(Limerick East): The Voluntary Health Insurance organisation does not operate as an insurance company. The basic legislation states that it will operate on the basis of community rating, and there are also other restrictions on it. The key to normal insurance is that one hires actuaries to measure the risk and one charges premia in accordance with the expected risk. That is the way the insurance industry works, regardless of the area of insurance involved.
In this case it is a misnomer to even talk about insurance in the sense that it is money in and money out and because of community rating there is no measurement of risk. Everybody can join at the same premium and can enjoy the same conditions. The skills required to run an organisation such as the VHI are not necessarily those needed to run an insurance company, although many of the skills of insurance obviously would be applicable in the sense that there is a core of customers who pay premia and awards are settled in respect of items of service provided by hospitals, consultants and so on.

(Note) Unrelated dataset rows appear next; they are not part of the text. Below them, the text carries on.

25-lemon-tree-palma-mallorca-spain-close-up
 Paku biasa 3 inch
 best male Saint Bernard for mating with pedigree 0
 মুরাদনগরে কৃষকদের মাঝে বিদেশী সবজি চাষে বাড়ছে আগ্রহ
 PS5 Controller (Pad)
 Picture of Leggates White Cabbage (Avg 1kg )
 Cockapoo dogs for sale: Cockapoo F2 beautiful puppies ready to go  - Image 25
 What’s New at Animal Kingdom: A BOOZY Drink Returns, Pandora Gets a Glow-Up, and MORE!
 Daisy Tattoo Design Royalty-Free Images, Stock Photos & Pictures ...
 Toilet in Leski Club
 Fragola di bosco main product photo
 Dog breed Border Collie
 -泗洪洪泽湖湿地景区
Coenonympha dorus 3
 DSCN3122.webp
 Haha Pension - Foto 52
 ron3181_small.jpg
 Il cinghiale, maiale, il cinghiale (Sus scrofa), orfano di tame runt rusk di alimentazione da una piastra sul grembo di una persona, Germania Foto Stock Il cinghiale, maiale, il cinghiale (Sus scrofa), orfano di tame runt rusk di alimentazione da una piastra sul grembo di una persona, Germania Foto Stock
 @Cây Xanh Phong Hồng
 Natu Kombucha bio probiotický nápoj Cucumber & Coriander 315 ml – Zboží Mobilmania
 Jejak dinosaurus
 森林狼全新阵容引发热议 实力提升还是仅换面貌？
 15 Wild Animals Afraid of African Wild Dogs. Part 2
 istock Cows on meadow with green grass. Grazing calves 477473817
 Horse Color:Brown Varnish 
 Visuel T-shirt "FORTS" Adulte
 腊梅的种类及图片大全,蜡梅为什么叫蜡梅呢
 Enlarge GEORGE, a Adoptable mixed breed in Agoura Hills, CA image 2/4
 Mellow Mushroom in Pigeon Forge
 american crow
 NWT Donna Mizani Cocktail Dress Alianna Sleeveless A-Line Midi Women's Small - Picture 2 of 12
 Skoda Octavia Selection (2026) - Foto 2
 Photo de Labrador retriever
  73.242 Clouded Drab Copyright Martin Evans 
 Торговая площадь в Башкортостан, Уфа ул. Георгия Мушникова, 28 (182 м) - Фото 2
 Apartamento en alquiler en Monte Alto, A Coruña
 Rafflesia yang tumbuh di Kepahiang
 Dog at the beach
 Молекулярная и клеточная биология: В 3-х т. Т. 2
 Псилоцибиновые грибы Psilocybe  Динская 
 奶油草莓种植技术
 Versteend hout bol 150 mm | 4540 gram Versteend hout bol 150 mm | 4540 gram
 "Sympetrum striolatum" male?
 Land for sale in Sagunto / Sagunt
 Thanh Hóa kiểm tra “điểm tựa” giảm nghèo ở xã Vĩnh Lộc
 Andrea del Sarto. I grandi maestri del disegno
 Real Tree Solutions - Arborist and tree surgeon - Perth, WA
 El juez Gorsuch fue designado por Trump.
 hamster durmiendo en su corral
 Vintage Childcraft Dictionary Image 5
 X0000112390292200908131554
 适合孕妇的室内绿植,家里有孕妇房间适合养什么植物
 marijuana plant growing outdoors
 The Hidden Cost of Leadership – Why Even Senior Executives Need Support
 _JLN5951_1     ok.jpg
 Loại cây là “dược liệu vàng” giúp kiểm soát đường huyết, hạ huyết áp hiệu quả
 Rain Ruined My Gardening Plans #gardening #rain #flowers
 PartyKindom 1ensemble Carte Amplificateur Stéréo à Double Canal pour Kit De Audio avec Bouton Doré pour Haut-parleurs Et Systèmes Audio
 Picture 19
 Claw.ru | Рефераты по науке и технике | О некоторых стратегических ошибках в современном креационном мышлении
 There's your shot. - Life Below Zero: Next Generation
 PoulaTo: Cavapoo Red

On why it was necessary to award a 6 per cent increase, under the Act my role is to stop an increase if I choose to intervene, but after notification, if I simply do nothing, the increase comes into effect after a period of time has elapsed. After examining the demand for a 6 per cent increase and taking the advice of the officials in my Department I thought that, in this instance, it was in the best interests of the VHI, its subscribers and its service providers not to intervene. Since the nature of the business is money in and money out, it is not acceptable that the VHI should run its business on the basis that it continually increases premiums on the one hand so that it receives more income and, on the other, tries to restrict services so that less money goes out. That becomes a self-defeating strategy.
While competition, because of community rating, is very limited in terms of price now that BUPA is coming into the market, the VHI will have to compete in the attractiveness or otherwise of the packages of service which it puts before the public. Because of community rating it must increase its market by ensuring that larger numbers of the young and healthy, low liability people are involved in paying premia so that they will fund the draw-downs by people who, as they move on through life, use the health services to a greater extent. It is in that area the weakness exists in the VHI. Regardless of who takes over as chief executive or what arrangements are put in place, the company must compete at that level. It is not acceptable that it would run simply on an accountancy basis of money in and money out. That was acceptable when there was a monopoly, but since there is no longer a monopoly it will have to compete on the attractiveness of the product.